Salmonella infections represent a significant zoonotic threat, necessitating comprehensive bacterial genomic surveillance that encompasses diverse sources, including humans, animals, food products, plants, and environmental samples. Technological advances in WGS and artificial intelligence (AI) have revolutionized genomic surveillance capabilities, making comprehensive multi-source data collection essential for tracking outbreak origins and monitoring AMR evolution in S. enterica (6–9).

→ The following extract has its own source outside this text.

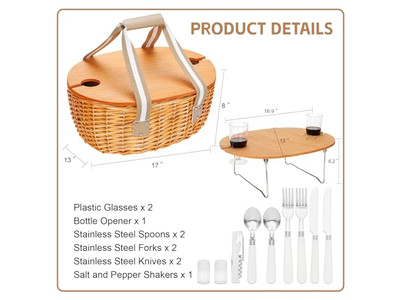 French Woven Picnic Basket Lunch Resin Wicker Plastic Mini Baskets For Kids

A prime example of this approach, is the high-quality, open-access, Chinese local Salmonella genome database version 2 (CLSGDBv2, https://nmdc.cn/clsgdbv2) (10), which serves as a valuable resource for global genomic surveillance and demonstrates substantial public health impact, having been accessed around 170 thousand times across 6 continents. These developments underscore the urgent need for enhanced genomic sequencing capabilities and improved data-sharing protocols, while simultaneously strengthening public health and clinical laboratory surveillance networks. Consequently, expanding publicly available genomic data for Salmonella serovars, particularly Mbandaka, would significantly improve real-time outbreak assessment capabilities, and prioritizing WGS of Salmonella strains from food and animal sources in underrepresented geographic regions is essential for comprehensive global surveillance.